I had an interesting conversation with Ryan the other day regarding Harpoon's Twitter account. Neither of us have a great strength in marketing, nor do we have a ton of followers on our individual Twitter accounts. We've always stayed plenty busy with client work despite our lack of self-promotion. But with Harpoon we know we'll need to step out of our design and development comfort zones and step up our marketing efforts if the product is to be successful.

I Feel Dirty

So we started reading up on marketing strategies. It hasn't been easy. Have you ever tried to Google marketing topics? It's a dark world full of shady SEO articles and link bait blog posts that leave me feeling dirty after wading through them. Hard to find quality advice to say the least. But most of these articles make a big deal about the importance of Twitter followers to the success of a web product. I don't know if that's true, but the more the merrier seems to be the consensus.

How do you get these followers? Well, according to the shady articles you basically start following the crap out of anyone and everyone related to your topic of interest (in our case #freelancing) and hope they follow you back. If they don't, unfollow them. Nice. Also start tweeting and retweeting any link that might put you on the Twitter radar for your topic of interest. Don't even bother reading the articles. That'll just slow you down.
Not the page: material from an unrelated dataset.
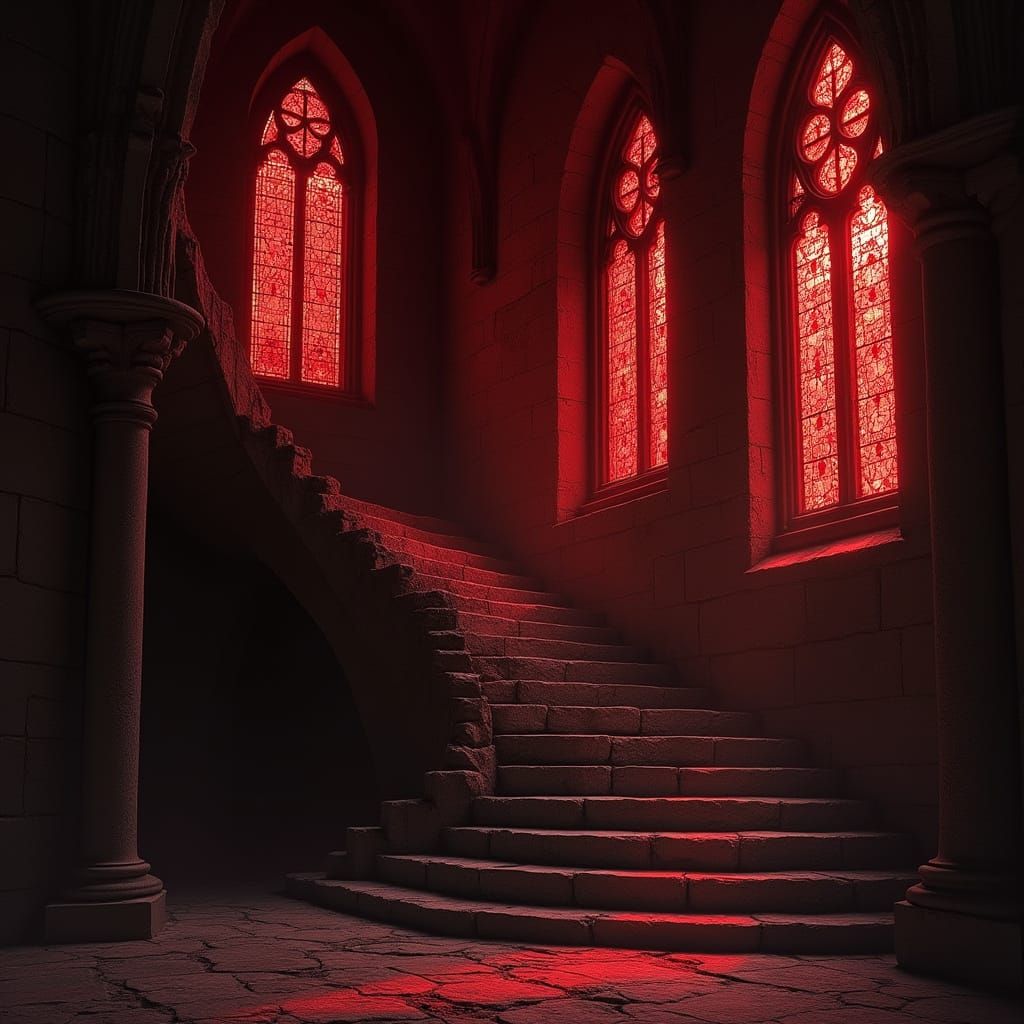 Dark Red Hues Fill the Gothic Church Interior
Now when I see other Twitter accounts doing what's described above my stomach turns and I avoid them like the plague. But this time the shoe is on the other foot. This time we're the ones trying to get attention. And wouldn't you know it we started following the advice of the marketing strategy gurus. First we found some list with a bunch of "suggested" people to follow. Then we built up a queue of auto-generated articles to tweet automatically, spread out during suggested times of the day. I feel dirty just talking about it.

Back to Reality

Halfway through the first morning of this "strategy" we called an all-hands meeting. This wasn't going to work. It's not us. It's not who we are. It's not how we want to succeed. We're building Harpoon because we're passionate about the product. We're passionate about having 100% control over the quality of the product, and we now know that needs to include how we market it if we want to be able to look ourselves in the mirror.

So we wrote some simple Twitter guidelines for Harpoon:

  • We'll only follow accounts we're genuinely interested in as a company.
  • We'll follow back anyone who has a genuine interest in us.
  • We'll only tweet links to articles we enjoy ourselves, and consider genuinely beneficial to our potential user base.
  • We won't flood our stream with too many links. We've agreed on three per day at the most, but even that might be too many.
  • We'll only butt into conversations if we have something genuine to contribute that's beneficial to others in the conversation.
  • We won't do anything on Twitter for the sake of promoting ourselves at the cost of being a burden to anyone else.

That feels better. No gimmicks. No shortcuts. Just us.

No, we're not marketing experts (yet), but you can't go against your gut. And in the end hopefully the relationships we'll build on Twitter, although maybe not as high in quantity, will be much higher in quality. We'll see how this plays out.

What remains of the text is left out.